Each line of the entries, from the first to the line containing "勝浦キリスト教会の地図画像", is to be transcribed exactly as it stands; include no other lines.

PROVIDED ENTRIES ▸
▬▬▬▬▬▬▬▬▬▬
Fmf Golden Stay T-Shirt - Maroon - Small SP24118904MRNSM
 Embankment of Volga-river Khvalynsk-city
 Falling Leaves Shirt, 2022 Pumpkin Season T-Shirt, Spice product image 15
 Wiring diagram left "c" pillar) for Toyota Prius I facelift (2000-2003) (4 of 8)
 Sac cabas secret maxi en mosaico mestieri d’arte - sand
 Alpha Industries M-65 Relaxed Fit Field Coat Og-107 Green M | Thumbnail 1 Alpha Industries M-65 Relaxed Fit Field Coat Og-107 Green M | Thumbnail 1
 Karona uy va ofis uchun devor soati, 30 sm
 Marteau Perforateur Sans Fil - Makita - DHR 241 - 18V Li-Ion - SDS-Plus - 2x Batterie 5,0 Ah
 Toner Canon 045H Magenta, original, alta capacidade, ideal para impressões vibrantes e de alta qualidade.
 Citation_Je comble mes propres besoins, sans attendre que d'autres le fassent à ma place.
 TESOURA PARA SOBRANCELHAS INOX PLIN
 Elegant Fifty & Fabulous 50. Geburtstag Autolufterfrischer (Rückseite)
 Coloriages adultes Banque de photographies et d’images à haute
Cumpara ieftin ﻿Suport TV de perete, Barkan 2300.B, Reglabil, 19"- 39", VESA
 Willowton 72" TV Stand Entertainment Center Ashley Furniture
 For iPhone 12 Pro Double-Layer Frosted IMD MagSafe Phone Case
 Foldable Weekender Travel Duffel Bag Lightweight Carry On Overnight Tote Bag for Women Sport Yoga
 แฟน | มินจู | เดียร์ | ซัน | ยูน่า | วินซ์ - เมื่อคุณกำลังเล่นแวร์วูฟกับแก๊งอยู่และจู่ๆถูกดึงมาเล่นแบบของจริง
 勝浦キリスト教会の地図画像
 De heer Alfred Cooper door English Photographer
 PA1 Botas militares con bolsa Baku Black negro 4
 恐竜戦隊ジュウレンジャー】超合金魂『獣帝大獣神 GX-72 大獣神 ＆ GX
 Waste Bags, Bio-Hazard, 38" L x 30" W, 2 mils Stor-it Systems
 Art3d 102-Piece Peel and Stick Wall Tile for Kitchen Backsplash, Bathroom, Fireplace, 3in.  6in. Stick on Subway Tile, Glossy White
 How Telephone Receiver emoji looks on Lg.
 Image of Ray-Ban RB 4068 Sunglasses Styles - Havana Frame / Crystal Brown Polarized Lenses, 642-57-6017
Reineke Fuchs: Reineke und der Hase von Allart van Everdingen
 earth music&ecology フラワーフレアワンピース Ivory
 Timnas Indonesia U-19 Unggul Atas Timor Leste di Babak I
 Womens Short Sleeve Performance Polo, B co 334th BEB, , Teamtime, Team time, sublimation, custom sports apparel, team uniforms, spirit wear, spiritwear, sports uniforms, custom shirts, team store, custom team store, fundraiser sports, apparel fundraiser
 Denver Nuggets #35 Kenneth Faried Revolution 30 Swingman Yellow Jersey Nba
▬▬▬▬▬▬▬▬▬▬
ANSWER TO THE PROBLEM ▸
Fmf Golden Stay T-Shirt - Maroon - Small SP24118904MRNSM
 Embankment of Volga-river Khvalynsk-city
 Falling Leaves Shirt, 2022 Pumpkin Season T-Shirt, Spice product image 15
 Wiring diagram left "c" pillar) for Toyota Prius I facelift (2000-2003) (4 of 8)
 Sac cabas secret maxi en mosaico mestieri d’arte - sand
 Alpha Industries M-65 Relaxed Fit Field Coat Og-107 Green M | Thumbnail 1 Alpha Industries M-65 Relaxed Fit Field Coat Og-107 Green M | Thumbnail 1
 Karona uy va ofis uchun devor soati, 30 sm
 Marteau Perforateur Sans Fil - Makita - DHR 241 - 18V Li-Ion - SDS-Plus - 2x Batterie 5,0 Ah
 Toner Canon 045H Magenta, original, alta capacidade, ideal para impressões vibrantes e de alta qualidade.
 Citation_Je comble mes propres besoins, sans attendre que d'autres le fassent à ma place.
 TESOURA PARA SOBRANCELHAS INOX PLIN
 Elegant Fifty & Fabulous 50. Geburtstag Autolufterfrischer (Rückseite)
 Coloriages adultes Banque de photographies et d’images à haute
Cumpara ieftin ﻿Suport TV de perete, Barkan 2300.B, Reglabil, 19"- 39", VESA
 Willowton 72" TV Stand Entertainment Center Ashley Furniture
 For iPhone 12 Pro Double-Layer Frosted IMD MagSafe Phone Case
 Foldable Weekender Travel Duffel Bag Lightweight Carry On Overnight Tote Bag for Women Sport Yoga
 แฟน | มินจู | เดียร์ | ซัน | ยูน่า | วินซ์ - เมื่อคุณกำลังเล่นแวร์วูฟกับแก๊งอยู่และจู่ๆถูกดึงมาเล่นแบบของจริง
 勝浦キリスト教会の地図画像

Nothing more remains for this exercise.